The Personalist Project

Defending the Freedom of wearing Veils and Burqas

I think that not even the most literal interpretation of the Koran’s dressing codes for women, wearing burqas, ought to be outlawed in the West, let alone Muslim women covering of heads by normal veils (which are equally outlawed in many Western countries). It seems to me that any observance of a religious tradition that is not in any way in itself evil, or criminal, or offensive, ought to be permitted by the law and never be banished or outlawed, which does not exclude to persecute domestic crimes even if justified in the shariah.
Not only is there a sacred right to the freedom of religion and to the freedom of conscience to obey one’s positive religious mandates as long as they do not entail crimes or oppression bordering on crime (which wearing the nice burqa that underlines the mystery of the woman’s body, certainly does not). One may remind oneself that also Saint Paul demanded that women cover their heads in Church as sign of their submission to their husbands and of their respect for the angels. Should it be outlawed that women wear veils in our Churches (which is still being done in some places)?
The comparison with religious habits of nuns is not that far-fetched. There is a Catholic nun’s order of the “slaves of Christ” in Spain, and some other Eucharistic feminine orders, who wear almost the same veils that completely cover their faces. Should this be outlawed?
Moreover, in general the outlawing of any dresses that do not offend public morality is an assault against freedom, even if these dresses have nothing to do with religion.
Besides, to want to forbid pious Muslim or Hindu women (in the name of fighting oppression!) to wear veils or other dresses that correspond to their beliefs, while we do nothing to solve first our problems with women’s dresses, as an extremely witty Muslim Professor remarked when called to speak out in the veil-processes in England, seems doubly wrong.
There is another reason against this. It seems in general quite wrong to support any kind of pressure (as in Mexico for decades in regard to the Catholic priests and nuns and now increasingly in the West) that demands that nobody may wear in public places or private schools symbols of their religion.
Moreover, it is ludicrous, grotesque and utterly hypocritical that in Germany, France, England, or the USA, Muslim women should be forced to take off their veils against their conscience, while our women may wear the most offensive and unbelievably impure dresses in public, indulge in the most shocking public seduction, for example as naked prostitutes on TV commercials giving their phone numbers and “prices,” pose in offensive nakedness in Playboy and other magazines, without being outlawed!
Finally, a country that forbids burqas but “legalizes” the murder of one’s own children is in my opinion absolutely cynical and grotesque!


Comments (7)

Katie van Schaijik

Jun 23, 2009 5:28am

I should have made clear when I raised the question that I was not speaking of head coverings (perhaps burqa is not the correct term) but rather of the full, face-covering garment mandated by religious authorities in some Islamic societies and sects.

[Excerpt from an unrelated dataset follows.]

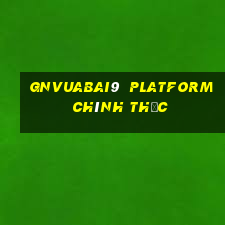 gnVuabai9  Platform chính thức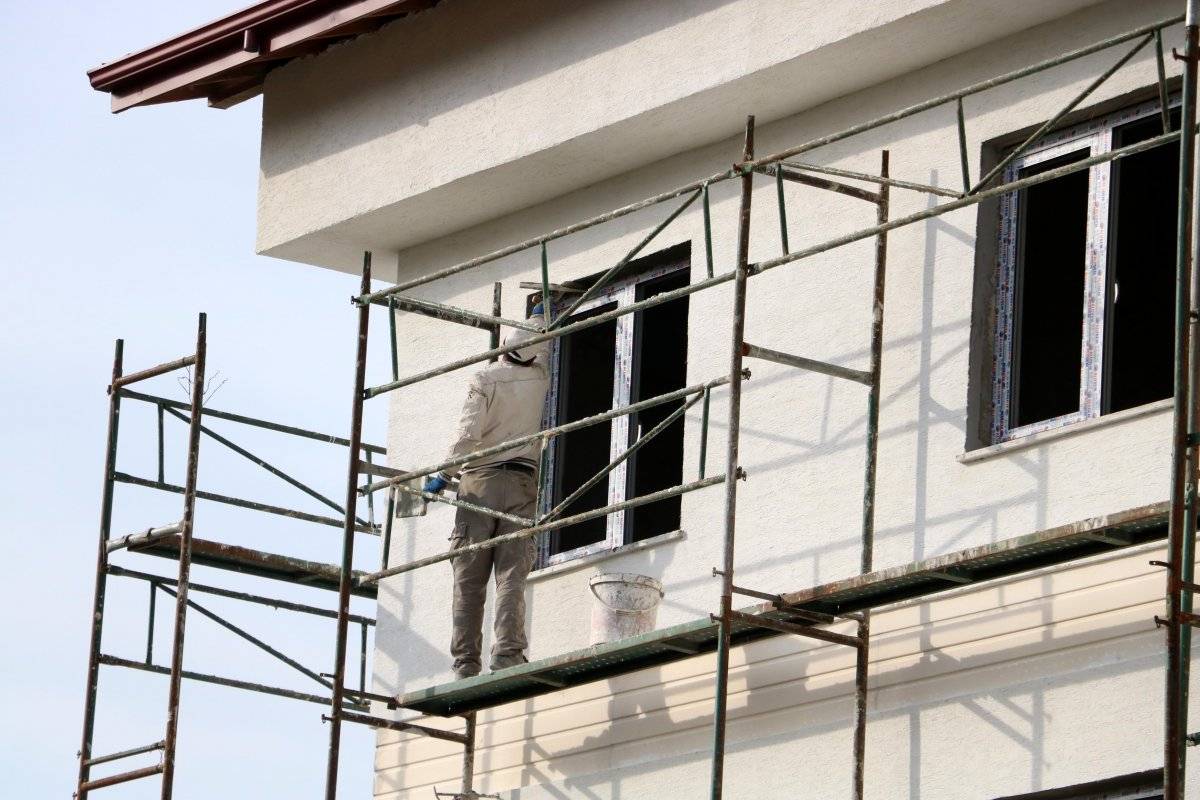 Mesut Özil'den memleketi Zonguldak'a spor kompleksi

Would you agree that those are an instrument of oppression?

If women wear them not out of religious devotion, but out of fear of punishment by the men in whose hands and at whose mercy they live their lives, is not the question more complicated than you indicate here?

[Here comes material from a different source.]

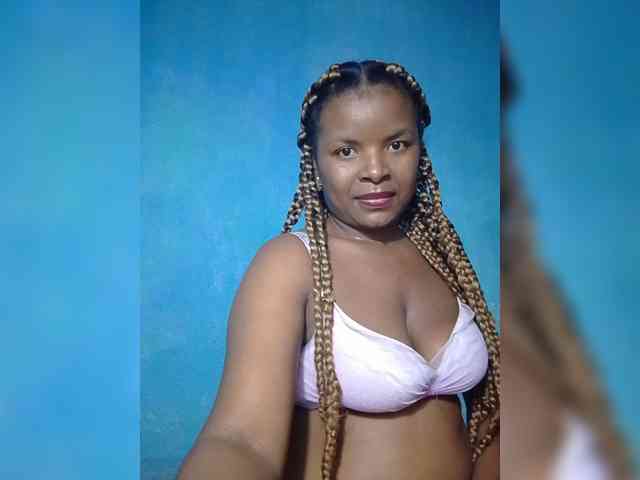 Anisexy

Finally, I deny that there is any genuine respect for the mystery of the feminine body in those portable prisons.


Josef Seifert

Jun 23, 2009 8:12am

I understood what you meant by burqas since you had pictures of them. These are those feminine dresses that most literally correspond to the dress code of the Koran; there are two other forms, one that is more a veil for the head (which they forbade the Muslim schoolteacher in Germany to wear for school), another “middle one” leaves part of the face free.
Now, as I am not a Moslem, I do not think that God ordered women to dress this way through the prophet neither do I think that the Koran (in spite of the beautiful praise of Mary as the virgin mother of Jesus, Sura Maria, 19?, on which one of my Muslim students wrote a beautiful poem) implies a similarly deep appreciation of the dignity of women as the Jewish and most of all the Christian religion. Nevertheless I think that calling these dresses “a means of oppression” is incorrect and sounds Marxist or wildly feminist. They are similar to the beautiful Hindu dresses and almost identical to those of the Catholic order of the “slaves of Christ”. It seems to me that you are full of negative and generalizing judgments (about the Islam, Islamic men, the reasons why women wear certain dresses), for the truth of which there is no evidence and which contradict many experiences. Quite apart from the profound respect for the unborn, which made respresentatives of Islamic countries the best allies to the Vatican and to some of our pro life students in Cairo, there is also a lot of other values that are upheld more in Islamic countries than in the US or Europe. Attributing to the Islam quite generally an utterly negative and oppressive sort of slaveholder-attitude towards women is wrong. There are very different Muslims, good and evil ones (I have rarely seen a more respectful attitude towards women than in my young male Moslem friend and assistant in Liechtenstein).
Moreover, your analysis of the reasons why women wear the burqas seems quite apodictic and judgmental, and in this general form quite certainly incorrect (even though no doubt applicable in some, possibly in many, cases). How do you want to know whether many women do not wear these dresses out of a sense of religious devotion but only “out of fear of punishment…” from their husbands?  The German teachers whose veils the Bavarians outlawed were not even married. How do you know that in Islamic families there is more “domestic violence” than in an average of other families in the secular US, where countless women and children are mistreated?
Finally, I find in general both the Hindu dresses and the Muslim dresses of women - at least if we prescind from a totally veiled face and take the two other kinds of more “normal” Muslim dresses, but even if we include the burqas - aesthetically much more beautiful and feminine, not only as the countless indecent dresses of Western women, but also as the barbarian blue jeans and other ways in which women dress in the West. Just read Christopher Dawson on blue jeans and you will understand what I mean.
Therefore I cannot agree with your claim that there is not “any genuine respect for the mystery of the feminine body” in these dresses, which you like to call “portable prisons”  (which seems to be a disrespectful and insulting name for the traditional dresses prescribed by another religion and for which, I dare say, you ought to apologize to Islamic readers of your Linde-homepage).
Kind regards,

JS


Katie van Schaijik

Jun 23, 2009 8:39am

Josef, I do not speak of every individual or communal case.  That would be impossible.  (Note that I made my point conditional: “IF women wear them not out of devotion but out of fear…”)  But I have read many books of by women whose experience corresponds to what I say and who testify not just for themselves but for whole societies.  For instance, “Reading Lolita in Tehran,” “The Caged Virgin,” “The Torn Veil,” “Infidel,” “Not Without My Daughter,” “Inside the Kingdom,” and others.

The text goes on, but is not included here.